• [What is expected]:
All that is wanted is an exact copy of the line containing "Apartamento para alugar com 74m², 3 quartos e 1 vaga Apartamento" and the lines after it, through the end of the records.

• [Supplied records]:

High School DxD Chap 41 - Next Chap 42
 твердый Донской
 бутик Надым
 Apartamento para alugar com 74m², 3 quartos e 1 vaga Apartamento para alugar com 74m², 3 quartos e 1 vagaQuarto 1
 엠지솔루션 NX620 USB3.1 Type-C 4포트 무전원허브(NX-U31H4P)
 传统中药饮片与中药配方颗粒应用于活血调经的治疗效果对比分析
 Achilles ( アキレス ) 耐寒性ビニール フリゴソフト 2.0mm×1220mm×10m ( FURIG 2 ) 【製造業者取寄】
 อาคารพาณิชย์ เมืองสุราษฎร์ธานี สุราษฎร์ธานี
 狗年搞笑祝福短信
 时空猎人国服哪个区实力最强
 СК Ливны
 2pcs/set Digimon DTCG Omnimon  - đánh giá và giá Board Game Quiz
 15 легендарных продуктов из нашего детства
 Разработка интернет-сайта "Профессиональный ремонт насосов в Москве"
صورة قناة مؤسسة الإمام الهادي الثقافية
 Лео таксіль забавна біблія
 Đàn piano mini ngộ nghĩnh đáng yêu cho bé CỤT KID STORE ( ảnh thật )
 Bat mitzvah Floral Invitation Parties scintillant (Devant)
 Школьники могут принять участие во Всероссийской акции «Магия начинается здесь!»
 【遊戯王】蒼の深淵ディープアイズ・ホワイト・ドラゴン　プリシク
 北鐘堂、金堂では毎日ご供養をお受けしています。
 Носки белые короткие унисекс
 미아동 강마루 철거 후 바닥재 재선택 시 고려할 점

• [Answer space]:
 Apartamento para alugar com 74m², 3 quartos e 1 vaga Apartamento para alugar com 74m², 3 quartos e 1 vagaQuarto 1
 엠지솔루션 NX620 USB3.1 Type-C 4포트 무전원허브(NX-U31H4P)
 传统中药饮片与中药配方颗粒应用于活血调经的治疗效果对比分析
 Achilles ( アキレス ) 耐寒性ビニール フリゴソフト 2.0mm×1220mm×10m ( FURIG 2 ) 【製造業者取寄】
 อาคารพาณิชย์ เมืองสุราษฎร์ธานี สุราษฎร์ธานี
 狗年搞笑祝福短信
 时空猎人国服哪个区实力最强
 СК Ливны
 2pcs/set Digimon DTCG Omnimon  - đánh giá và giá Board Game Quiz
 15 легендарных продуктов из нашего детства
 Разработка интернет-сайта "Профессиональный ремонт насосов в Москве"
صورة قناة مؤسسة الإمام الهادي الثقافية
 Лео таксіль забавна біблія
 Đàn piano mini ngộ nghĩnh đáng yêu cho bé CỤT KID STORE ( ảnh thật )
 Bat mitzvah Floral Invitation Parties scintillant (Devant)
 Школьники могут принять участие во Всероссийской акции «Магия начинается здесь!»
 【遊戯王】蒼の深淵ディープアイズ・ホワイト・ドラゴン　プリシク
 北鐘堂、金堂では毎日ご供養をお受けしています。
 Носки белые короткие унисекс
 미아동 강마루 철거 후 바닥재 재선택 시 고려할 점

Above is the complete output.